Congrats Chuck for spelling everybody's name correctly this time.  Except yours.  LOL

Does it seem like the Warehouse seems to collect humans with special powers in the same way it collects artifacts?  Pete gets vibes, Leena senses auras and Jinks is a human lie detector.  Every time Artie comes across such a person he recruits them as agents, just like he did with Pete and Jinks.  I can't think this is a coincidence.

It was a nice little episode which concentrated on character development rather than earthshaking plot arc developments which was nice.  I agree that everybody seems to be having a blast.

The product placement thing is kind of jarring.  Last season Myka seemd to have an obsession with Twizlers, eating them and talking about how much she loves them in several episodes.  It's completely in character for Pete to enjoy playing with his car's navigation system.  He plays with artifacts and pretty much anything he touches.  But that particurlar scene lacked finesse, particurlarly since right after it they broke for commercial and showed a commercial for that exact product.  In case anybody missed that there was a product placement in the show.

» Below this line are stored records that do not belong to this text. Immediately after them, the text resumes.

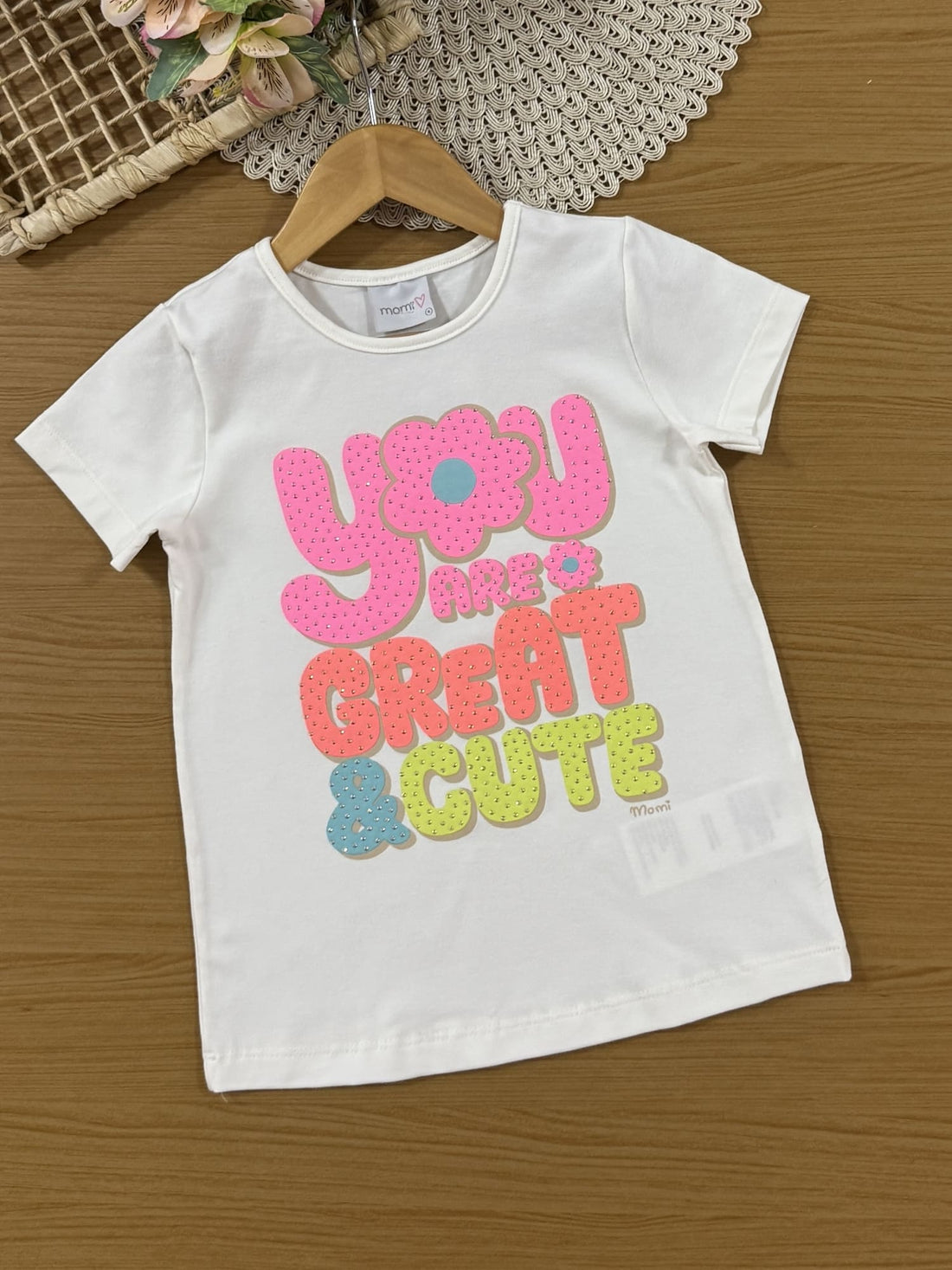 Conjunto Infantil Momi Verão com Shorts Ciclista Bege e Blusa Branca Florzinha com Strass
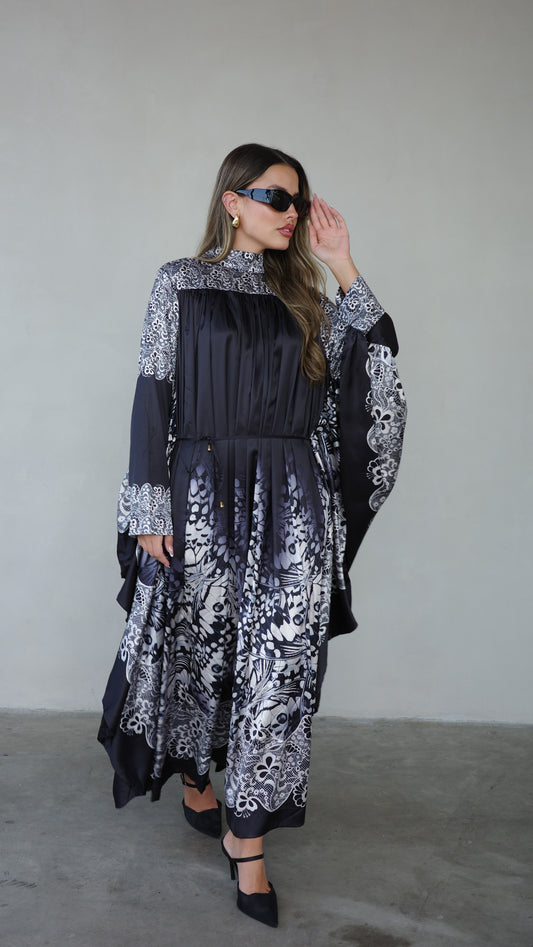 שמלת מקסי אוברסייז עטלף שאנל | שחור/אפור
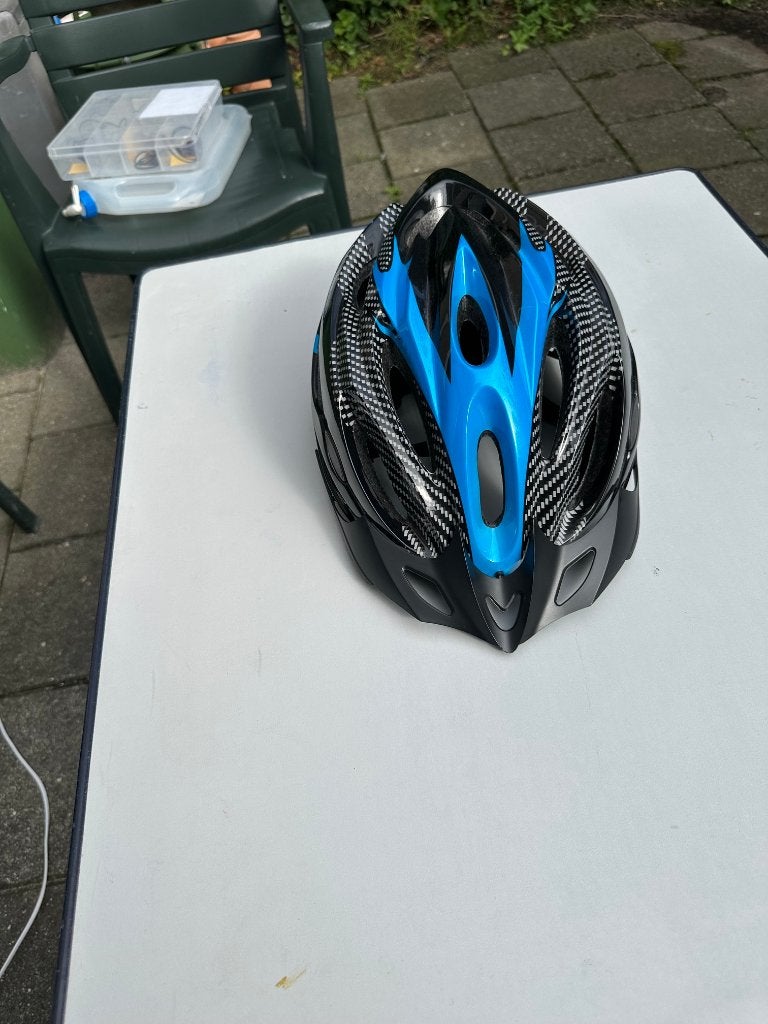 fietshelm, Fietsen en Brommers, Fietsaccessoires | Fietshelmen, Ophalen of Verzenden, Zo goed als nieuw, L, Heer of Dame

Eureka had some pretty blatant product placement and it didn't save that show.  *sigh*

isgrimner 8/8/2012 9:14:02 AM

I am currently on season 3 and noticed some vehicle product placement on an episode I watched last night.  Pete and Claudia were chasing a merc with a corrosive can of spray paint and they talked about how his nav system in his car sucked and theirs was so much better and their vehicle had so many cup holders.  Then cuts to the logo and close ups of the nav system.  It was minor but the dialoge was pretty bad.  Still, I've come to accept product placement if it will help the shows I like stay on the air.   Still some shows do it better than others.  Fringe has PP all the time and its usually somewhat subtle.   I thought Community tackled it head on and actually incorporated it into the plot in a funny way with Subway.  Speaking of Subway they have been placed in several shows I watched, besides Community, they were freaquently on Chuck and Its Always Sunny in Philadelphia.   Its Always Sunny also sometimes does product placement for various beer as the signage in the bar will change and the gang might drink that particular beer in the episode, but they don't mention it, it just kind shows the logos. 

CyanideRush 8/8/2012 11:05:08 AM

 Karas: gah! That actually was not my mistake. And I'm laying the blame for last week on my iPad's autocorrect. It really doesn't like 'Myka' with the y!